[YOUR GOAL]
Starting with the first line, output the data exactly, through to the last line.

[RECORDS]

╭──

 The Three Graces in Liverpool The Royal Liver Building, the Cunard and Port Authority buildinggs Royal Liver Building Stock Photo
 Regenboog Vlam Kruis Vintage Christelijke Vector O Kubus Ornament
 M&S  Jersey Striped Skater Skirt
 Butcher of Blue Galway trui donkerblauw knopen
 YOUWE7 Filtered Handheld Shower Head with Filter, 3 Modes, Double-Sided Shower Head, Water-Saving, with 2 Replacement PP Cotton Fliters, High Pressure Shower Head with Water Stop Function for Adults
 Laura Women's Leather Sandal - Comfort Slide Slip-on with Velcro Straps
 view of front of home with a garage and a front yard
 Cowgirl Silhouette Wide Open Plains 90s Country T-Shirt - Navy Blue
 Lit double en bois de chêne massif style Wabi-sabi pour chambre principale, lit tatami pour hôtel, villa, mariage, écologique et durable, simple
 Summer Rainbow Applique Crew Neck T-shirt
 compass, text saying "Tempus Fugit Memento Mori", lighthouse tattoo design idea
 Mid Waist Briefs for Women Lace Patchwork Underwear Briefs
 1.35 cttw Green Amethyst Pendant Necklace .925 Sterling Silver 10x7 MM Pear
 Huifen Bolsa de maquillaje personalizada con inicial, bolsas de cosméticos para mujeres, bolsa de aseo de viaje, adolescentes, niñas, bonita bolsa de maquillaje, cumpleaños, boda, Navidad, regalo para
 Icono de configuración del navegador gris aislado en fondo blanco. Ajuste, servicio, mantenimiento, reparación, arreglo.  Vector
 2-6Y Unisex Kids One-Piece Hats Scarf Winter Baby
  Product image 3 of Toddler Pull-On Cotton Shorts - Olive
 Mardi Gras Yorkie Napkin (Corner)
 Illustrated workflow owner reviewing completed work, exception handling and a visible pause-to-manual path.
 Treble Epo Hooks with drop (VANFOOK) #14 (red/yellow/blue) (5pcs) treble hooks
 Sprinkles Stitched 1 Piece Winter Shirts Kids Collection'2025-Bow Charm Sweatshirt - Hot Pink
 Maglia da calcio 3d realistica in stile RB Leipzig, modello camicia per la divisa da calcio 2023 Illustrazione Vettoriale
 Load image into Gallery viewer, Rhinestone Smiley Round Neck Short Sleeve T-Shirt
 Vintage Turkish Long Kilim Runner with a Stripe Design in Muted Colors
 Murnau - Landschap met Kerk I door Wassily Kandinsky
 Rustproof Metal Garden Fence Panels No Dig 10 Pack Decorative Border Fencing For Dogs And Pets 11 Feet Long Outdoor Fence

╰──

[SOLVED PROBLEM]
 The Three Graces in Liverpool The Royal Liver Building, the Cunard and Port Authority buildinggs Royal Liver Building Stock Photo
 Regenboog Vlam Kruis Vintage Christelijke Vector O Kubus Ornament
 M&S  Jersey Striped Skater Skirt
 Butcher of Blue Galway trui donkerblauw knopen
 YOUWE7 Filtered Handheld Shower Head with Filter, 3 Modes, Double-Sided Shower Head, Water-Saving, with 2 Replacement PP Cotton Fliters, High Pressure Shower Head with Water Stop Function for Adults
 Laura Women's Leather Sandal - Comfort Slide Slip-on with Velcro Straps
 view of front of home with a garage and a front yard
 Cowgirl Silhouette Wide Open Plains 90s Country T-Shirt - Navy Blue
 Lit double en bois de chêne massif style Wabi-sabi pour chambre principale, lit tatami pour hôtel, villa, mariage, écologique et durable, simple
 Summer Rainbow Applique Crew Neck T-shirt
 compass, text saying "Tempus Fugit Memento Mori", lighthouse tattoo design idea
 Mid Waist Briefs for Women Lace Patchwork Underwear Briefs
 1.35 cttw Green Amethyst Pendant Necklace .925 Sterling Silver 10x7 MM Pear
 Huifen Bolsa de maquillaje personalizada con inicial, bolsas de cosméticos para mujeres, bolsa de aseo de viaje, adolescentes, niñas, bonita bolsa de maquillaje, cumpleaños, boda, Navidad, regalo para
 Icono de configuración del navegador gris aislado en fondo blanco. Ajuste, servicio, mantenimiento, reparación, arreglo.  Vector
 2-6Y Unisex Kids One-Piece Hats Scarf Winter Baby
  Product image 3 of Toddler Pull-On Cotton Shorts - Olive
 Mardi Gras Yorkie Napkin (Corner)
 Illustrated workflow owner reviewing completed work, exception handling and a visible pause-to-manual path.
 Treble Epo Hooks with drop (VANFOOK) #14 (red/yellow/blue) (5pcs) treble hooks
 Sprinkles Stitched 1 Piece Winter Shirts Kids Collection'2025-Bow Charm Sweatshirt - Hot Pink
 Maglia da calcio 3d realistica in stile RB Leipzig, modello camicia per la divisa da calcio 2023 Illustrazione Vettoriale
 Load image into Gallery viewer, Rhinestone Smiley Round Neck Short Sleeve T-Shirt
 Vintage Turkish Long Kilim Runner with a Stripe Design in Muted Colors
 Murnau - Landschap met Kerk I door Wassily Kandinsky
 Rustproof Metal Garden Fence Panels No Dig 10 Pack Decorative Border Fencing For Dogs And Pets 11 Feet Long Outdoor Fence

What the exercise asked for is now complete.